2.1.2 Structuurvisies windenergie en zonneakkers

De gemeente Emmen beschikt over zowel een structuurvisie windenergie (2016) als een structuurvisie voor zonneakkers (2015).

Structuurvisie windenergie
Het kabinet heeft een aantal gebieden waaronder delen van de gemeente Emmen aangemerkt als "geschikt voor grootschalige windenergie'' (meer dan 100MW), waaronder een deel van de Drentse Veenkoloniën. Dit aangewezen gebied "De Drentse Veenkoloniën" is een voormalige veenontginningsgebied waardoor een grootschalig rationeel verkaveld landschap is ontstaan. Het gebied wordt doorsneden door een aantal provinciale wegen. Het gebied wordt gekenmerkt door een aantal kleine kernen, de vele bebouwingslinten en agrarisch gebruik. Een belangrijk aandachtspunt voor het mogelijk maken van grootschalige opwerk van duurzame energie is het versterken van het elektriciteitsnet.
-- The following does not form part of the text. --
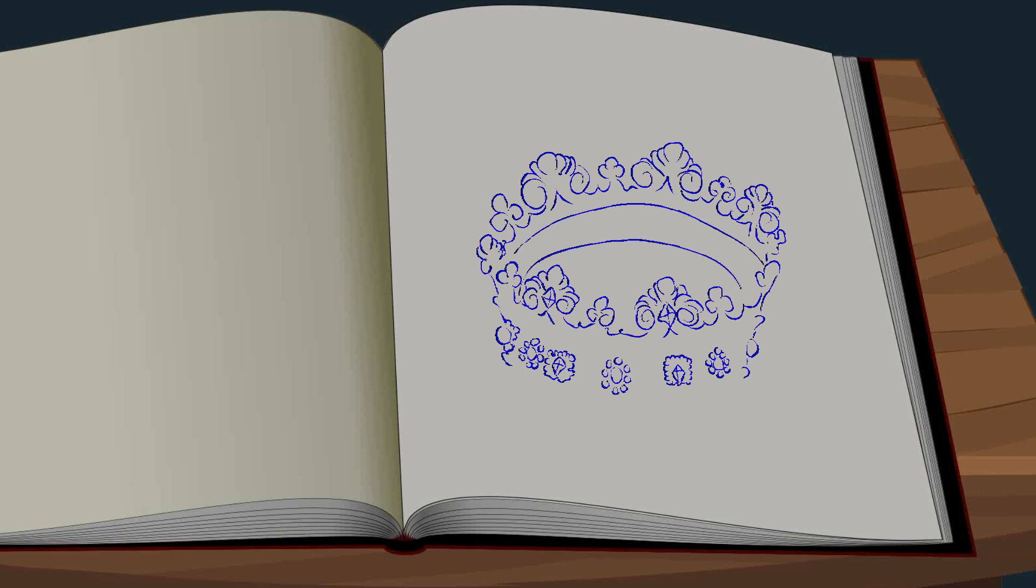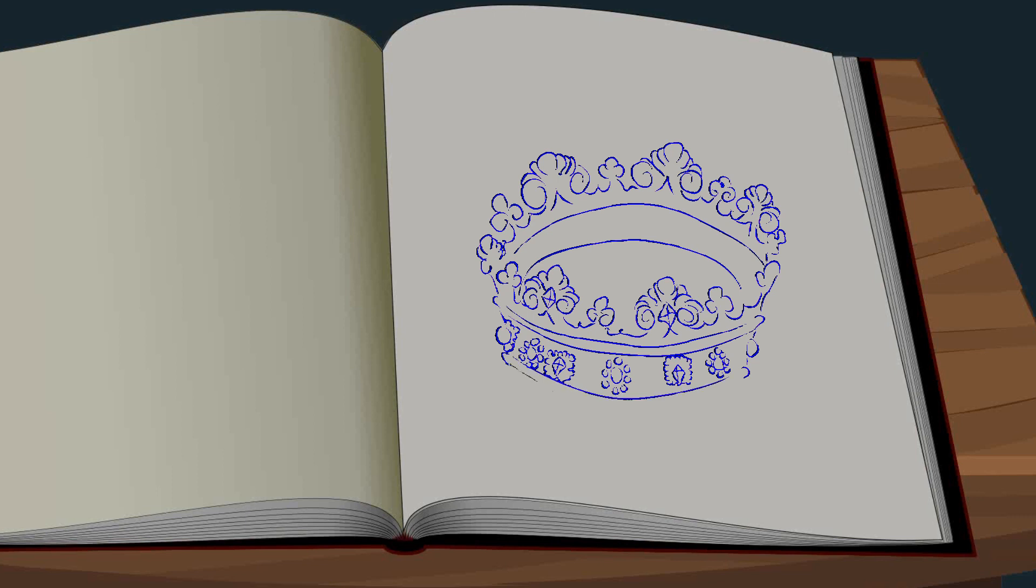Oh. Eine große Torte. Mit ganz vielen Schichten. Aber die ist leer. Das ist doch keine Torte.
Structuurvisie zonneakkers

De structuurvisie zonneakkers geeft uitwerking aan de ambitie van de gemeente Emmen om mede met behulp van inzet van zonneakkers haar doelstelling om CO2 neutraal te worden te realiseren. De structuurvisie bied locaties, criteria en ondersteunende faciliteiten aan de samenleving en marktpartijen om de realisatie van zonneakkers te stimuleren en te faciliteren. De realisatie van grootschalige zonneakkers in Emmen maar ook in de rest van Noordoost Nederland vraagt meer van het stroomnet. Dit bestemmingsplan faciliteert een verdere versterking van het net in Noordoost Nederland.

Conclusie

Het gemeentelijk beleid vormt geen belemmering voor het plan voornemen. Netversterking is een belangrijke voorwaarde voor alle voorzieningen in de gemeente.
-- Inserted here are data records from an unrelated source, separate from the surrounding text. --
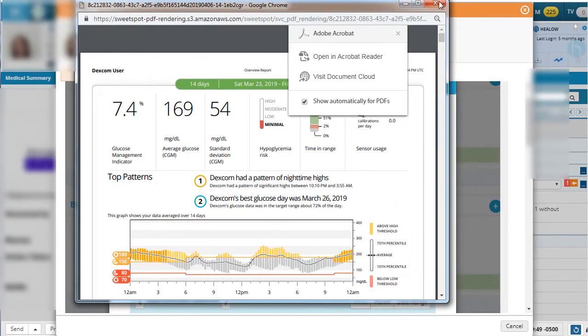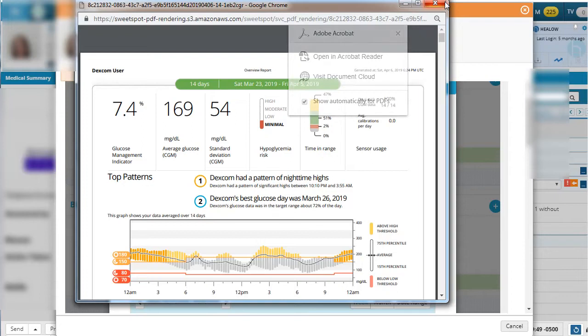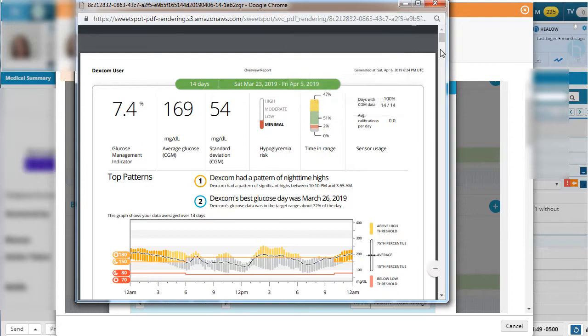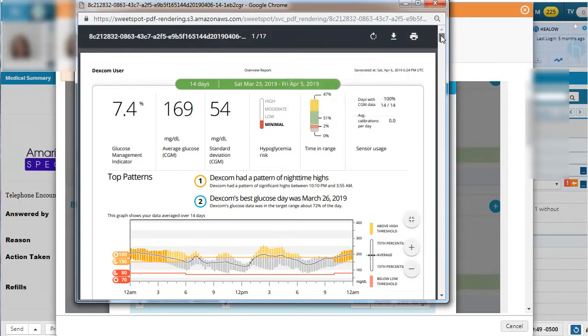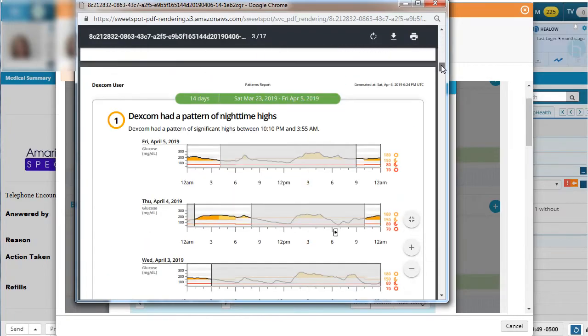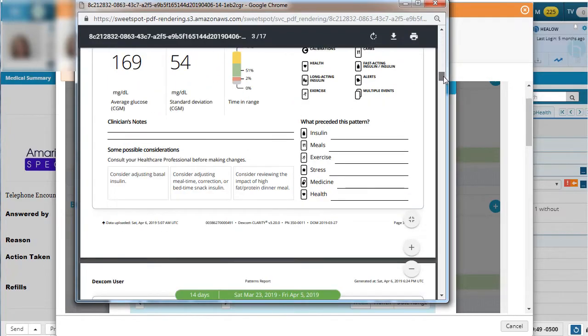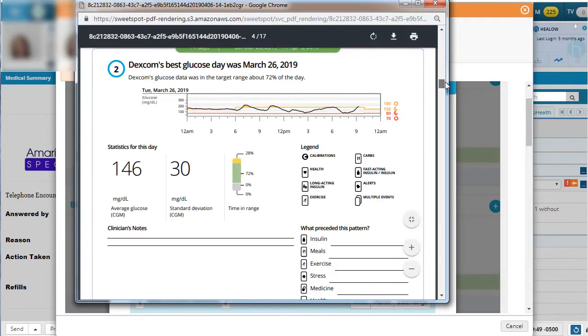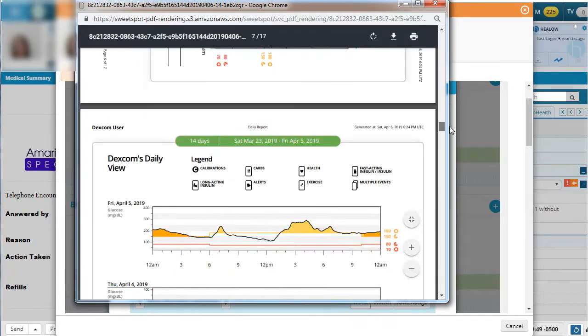The reports are identical between the two versions. You can again see the glucose management indicator, average glucose, time and range, and the percentage of time that the device was active.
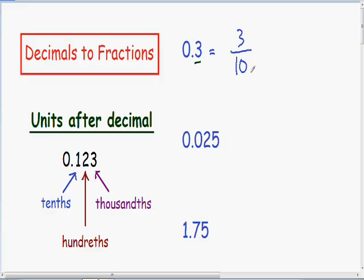Moving on to our next example. Here we have 0.025. Once again, the important thing you have to look at is the last digit to the right of the decimal. Notice our last digit to the right is a 5, and notice how it is 3 units to the right of the point. From the example on the bottom left part of the screen, the third unit to the right of the decimal is your thousandths unit.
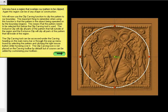We will now use the clip-carve function to clip the pattern to the boundary. The important thing to remember when using this function is that the pattern is the object being operated on by the boundary region. This means that the pattern needs to be selected first before the clip-carving tool is used. The inclusive clip will clip all parts of the pattern that fall outside of the region, and the exclusive clip will clip all parts of the pattern that fall inside. The clip-carving tool can be accessed under the carving heading in the main menu or by pop-up menu found by selecting the pattern and right-clicking the mouse while hovering over that area.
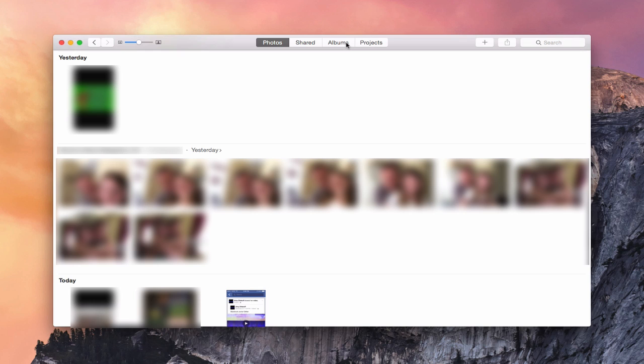What I'm going to do is I will show you in another screencast how to use the photos application, but hopefully that helps you get started with getting your upgrade done to the photos application. That's all I have for this week. I'll be back at you next week with another screencast to help you learn how to do more things with your Mac.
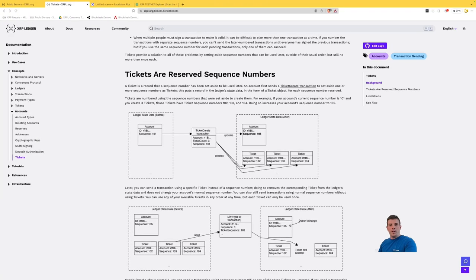Hi everyone and welcome to this new video about tickets. My name is Florent and I will show you how you can mint NFTs in parallel in a few seconds using your tickets.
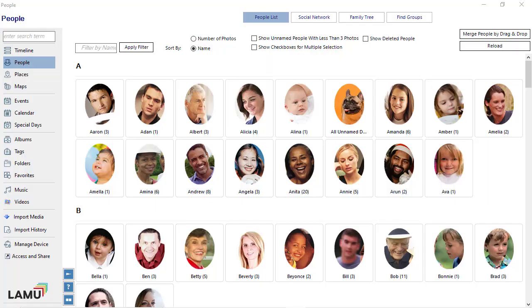To find group photos with two or more people, select the People view. Click the Find groups button in the top action bar.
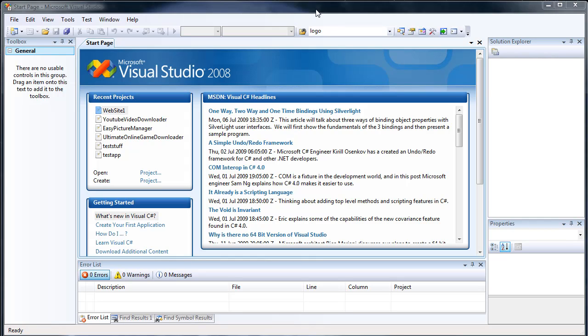Hey guys, today I'm going to show you how to create your first application written in C-Sharp with Visual Studio 2008.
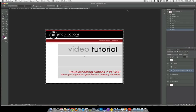Hi, this is Jodi from mcpactions.com. I'm here today to show you a fix when you get an error message in Photoshop CS6 and above about the object layer background is not currently available.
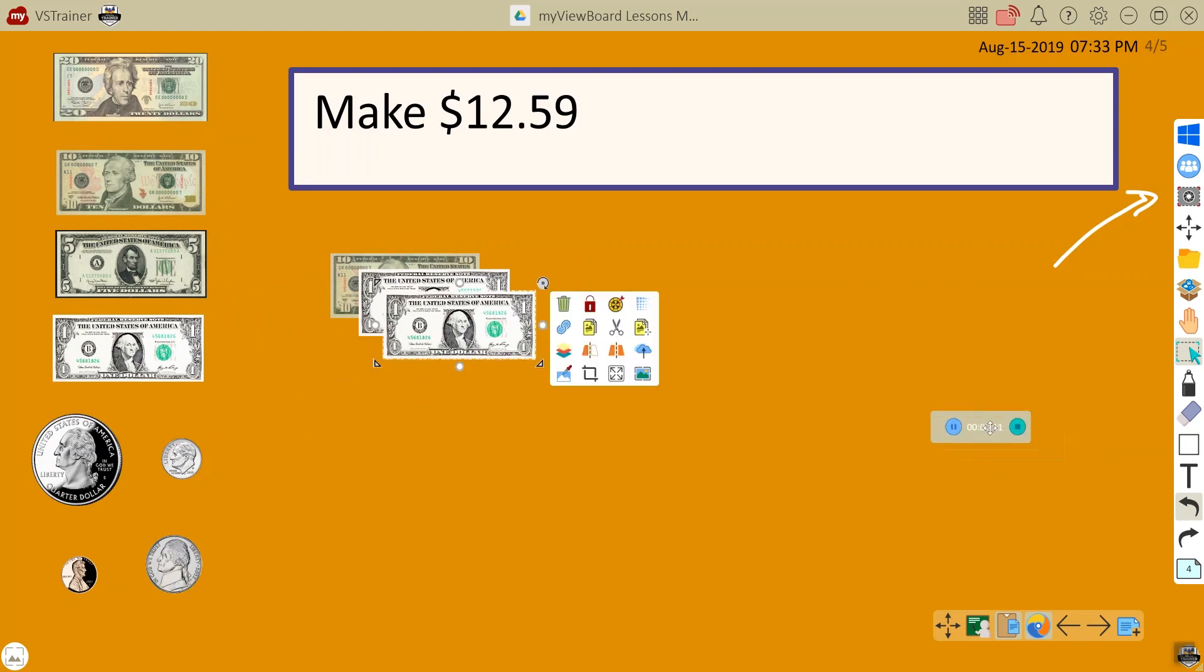From the screen recording floating toolbar, you can hit pause or stop to complete the recording of your lesson.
2.1.3 Ruimtelijke waardenkaart

De Ruimtelijke Waardenkaart (vastgesteld september 2011) belicht de aardkundige, archeologische, ecologische, hydrologische, cultuurhistorische en de landschappelijke waarden, evenals de monumenten van het buitengebied van de gemeente Emmen. De kaart is opgesteld ten behoeve van het bestemmingsplan 'Buitengebied 2011', hierdoor ligt het accent op de waarden in buitengebied, maar komen de onderliggende waarden in de kernen ook aanbod. Daarnaast reikt de ruimtelijke waardenkaart concrete handvatten voor de ontwikkeling van het landschap aan. De bijbehorende rapportage geeft aan met welke aspecten in de planvorming rekening dient te worden gehouden.

De gemeente ziet de ruimtelijke waardenkaart als een aanzet tot een nader te bepalen ontwikkelingskader. De ruimtelijke waardenkaart is een intern beleidskader, welke richting geeft aan de inrichting van een gebied. De ruimtelijke waardenkaart hangt samen met regelingen op gebieden als flora- en faunabescherming, archeologie en monumenten.

Vastgestelde waarden binnen deze gebieden vinden hun juridische bescherming binnen de specifieke wettelijke kaders. In de ruimtelijke waardenkaart zijn de waarden op deze gebieden dan ook niet 'opnieuw' vastgesteld, maar in woord en beeld met elkaar in verband gebracht.

Conclusie

In de uitgevoerde omgevingsonderzoeken is rekening gehouden met de ruimtelijke waarden van het plangebied. Derhalve is er geen strijdigheid met de Ruimtelijke Waardenkaart van de gemeente Emmen uit 2011.

2.1.4 De gemeente Emmen in het perspectief van het landschap

In het kader van het bestemmingsplan 'Buitengebied 2011' is de Ruimtelijke Waardenkaart verder uitgewerkt in het rapport 'De gemeente Emmen in het perspectief landschap'. In dit rapport worden de algemene ruimtelijke en visuele aspecten zoals beschreven in de Ruimtelijke Waardenkaart verder uitgewerkt naar een lager (meso) schaalniveau. Het plangebied is gelegen binnen 'Gebied 30 Hondsrug - oost'.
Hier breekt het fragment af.